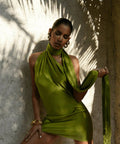 Rat & Boa Serafia Dress Green - 8 / Green - Dresses
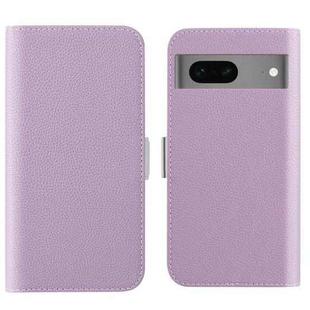 For Google Pixel 7 Candy Color Litchi Texture Leather Phone Case(Light Purple)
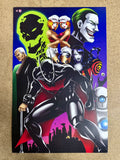 2013 Tyrine Carver Batman Beyond 11”x 17” Poster Print DC Comics Joker Future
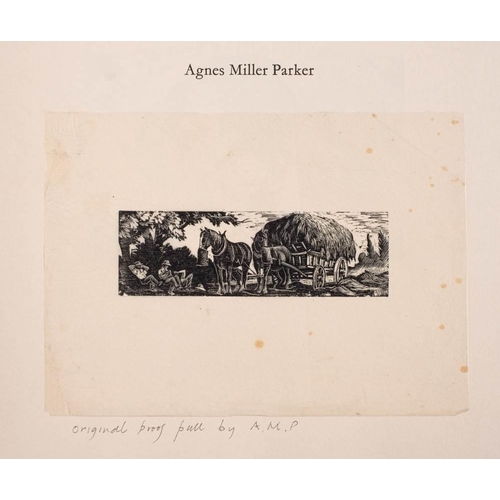 19 - MILLER PARKER, AGNES (WITH PROOF WOOD ENGRAVING) Agnes Miller Parker: wood-engraver and illustrator ...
_ _ _ _
Print all of the data exactly, and do not carry over any pictures.

 Rat & Boa Serafia Dress Green - 8 / Green - Dresses
 For Google Pixel 7 Candy Color Litchi Texture Leather Phone Case(Light Purple)
 2013 Tyrine Carver Batman Beyond 11”x 17” Poster Print DC Comics Joker Future
 19 - MILLER PARKER, AGNES (WITH PROOF WOOD ENGRAVING) Agnes Miller Parker: wood-engraver and illustrator ...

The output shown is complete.